Jakarta, Indonesia – ICLEI Indonesia Foundation in collaboration with the President’s Special Envoy for Climate Change and the Provincial Government of DKI Jakarta organized a Cities and Regions Talanoa Dialogue and the Ambitious City Promises (ACP) Experts and National Meeting last 5-6 March 2018.
The event, attended by more than 50 representatives from national and local governments, non-government organizations (NGO), and other sectors, served as a platform for multi-stakeholder dialogue on achieving Indonesia’s target greenhouse gas (GHG) emissions reduction by 2030 based on the country’s Nationally Determined Contributions (NDC). Indonesia aims for a 29% GHG emission reduction (business as usual scenario) by 2030. GHG reduction target can be increased by as much as 41% with support from the international community.
The Cities and Regions Talanoa dialogue aims to be a model of conversation to discuss how to deliver and raise ambitions for NDC achievement. It also comes with a goal to facilitate integrated decisions and programs across levels of the government and develop resources to support climate action. The Talanoa dialogue is a mandated process agreed upon by parties during COP 23 in Bonn, Germany. Through this, Parties can take stock of their collective efforts to reduce emissions as well as to provide basis for updating their NDCs by 2020.
Organized as part of the Ambitious City Promises project, the two-day activity also included a meeting among experts from the Seoul Metropolitan Government (SMG) as well as DKI Jakarta and satellite cities: Bekasi and Tangerang.
National and local governments seek ways to harmonize climate action
The Cities and Regions Talanoa dialogue surfaced three important takeaways: 1) commitments from different sectors towards achieving the country’s NDC is imperative; 2) challenges towards mainstreaming climate change issues have to be dealt with at the city level; 3) climate change-related strategies and programs should be effectively monitored.
Based on the discussions, challenges in mainstreaming climate actions included policy gaps, specifically the lack of national policies that local governments can use as the basis in crafting their local and regional ordinances and laws. Participants also reported that cross-sectoral coordination has to be improved and that resources, including financing mechanisms, should be made more accessible to local governments.
In terms of monitoring and evaluation, the national government needs to enhance its policies and programs on capacity building and community involvement. These are deemed essential in developing regional development plans that take into account GHG inventories and context-based GHG emissions reduction strategies.
Coordination among government levels is also necessary for a more robust measurement, reporting, and verification (MRV) system. As such, knowledge management was identified as a communal effort not only by the government but by other sectors such as the academe, NGOs, and local communities.

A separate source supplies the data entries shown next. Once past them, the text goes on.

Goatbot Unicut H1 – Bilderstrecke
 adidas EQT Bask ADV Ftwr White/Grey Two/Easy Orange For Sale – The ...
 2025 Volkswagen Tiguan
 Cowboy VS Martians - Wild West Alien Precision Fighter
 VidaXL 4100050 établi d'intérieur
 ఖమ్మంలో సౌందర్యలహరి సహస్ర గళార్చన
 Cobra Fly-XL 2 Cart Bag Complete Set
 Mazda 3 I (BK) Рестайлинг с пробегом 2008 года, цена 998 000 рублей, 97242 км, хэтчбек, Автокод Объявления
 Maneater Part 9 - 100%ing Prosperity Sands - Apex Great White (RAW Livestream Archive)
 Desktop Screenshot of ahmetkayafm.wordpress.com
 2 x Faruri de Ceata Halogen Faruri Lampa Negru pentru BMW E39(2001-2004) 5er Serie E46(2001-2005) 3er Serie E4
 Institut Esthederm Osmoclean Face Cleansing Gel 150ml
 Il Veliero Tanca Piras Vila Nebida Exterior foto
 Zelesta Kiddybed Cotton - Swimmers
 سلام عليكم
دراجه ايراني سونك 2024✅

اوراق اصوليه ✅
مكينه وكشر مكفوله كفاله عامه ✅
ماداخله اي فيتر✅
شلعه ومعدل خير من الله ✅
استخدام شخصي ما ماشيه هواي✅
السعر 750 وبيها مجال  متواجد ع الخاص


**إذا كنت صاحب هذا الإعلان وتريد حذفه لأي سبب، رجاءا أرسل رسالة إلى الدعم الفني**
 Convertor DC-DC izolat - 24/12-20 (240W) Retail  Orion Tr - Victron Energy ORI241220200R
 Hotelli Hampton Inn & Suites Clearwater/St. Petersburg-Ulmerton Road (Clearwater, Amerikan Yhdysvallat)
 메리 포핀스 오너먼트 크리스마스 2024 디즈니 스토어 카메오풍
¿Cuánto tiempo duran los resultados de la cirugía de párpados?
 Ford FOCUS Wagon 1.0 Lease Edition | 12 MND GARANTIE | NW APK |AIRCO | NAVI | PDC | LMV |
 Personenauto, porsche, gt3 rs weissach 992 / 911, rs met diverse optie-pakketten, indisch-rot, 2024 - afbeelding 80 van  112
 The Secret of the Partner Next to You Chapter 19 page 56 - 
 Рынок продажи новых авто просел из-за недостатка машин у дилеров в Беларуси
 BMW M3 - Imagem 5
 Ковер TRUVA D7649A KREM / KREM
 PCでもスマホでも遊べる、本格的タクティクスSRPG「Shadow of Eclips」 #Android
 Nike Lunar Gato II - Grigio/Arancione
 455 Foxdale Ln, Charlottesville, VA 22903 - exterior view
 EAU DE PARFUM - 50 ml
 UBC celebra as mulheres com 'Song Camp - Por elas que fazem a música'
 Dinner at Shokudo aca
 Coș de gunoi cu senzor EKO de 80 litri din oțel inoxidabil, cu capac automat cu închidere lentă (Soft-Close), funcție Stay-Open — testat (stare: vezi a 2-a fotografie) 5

DKI Jakarta Governor commits to low emission development
At the end of this activity, ICLEI and SMG met the Governor and officials of DKI Jakarta to converse about the strategic steps that the city is envisioning to take to mainstream the low emission urban development agenda and how to effectively build cooperation between DKI Jakarta and SMG.
“I’m glad we can all be here together. I understand that we are facing challenges but our political will is strong,” stated Anies Baswedan, Governor of DKI Jakarta.
During the meeting, DKI Jakarta officials and representatives of Seoul agreed that as megacities, Jakarta and Seoul are facing similar challenges when it comes to urban development. This lays a strong framework for continued and improved city-to-city cooperation as both cities express their commitment and support to this partnership.
DKI Jakarta serves as the model city of the Ambitious City Promises project in Indonesia. The Ambitious City Promises is a 3.5-year regional project supporting cities in Indonesia, Philippines, and Vietnam to operationalize local climate action through an active and inclusive stakeholder engagement strategy. It is funded by the International Climate Initiative (IKI) of the German Federal Ministry for the Environment, Nature Conservation and Nuclear Safety (BMU).
Drawing inspiration from the “Promise of Seoul,” a mitigation plan with the aim to reduce 20 million tons of GHG emissions by 2030, the project provides a platform for city-to-city cooperation and knowledge exchange with SMG.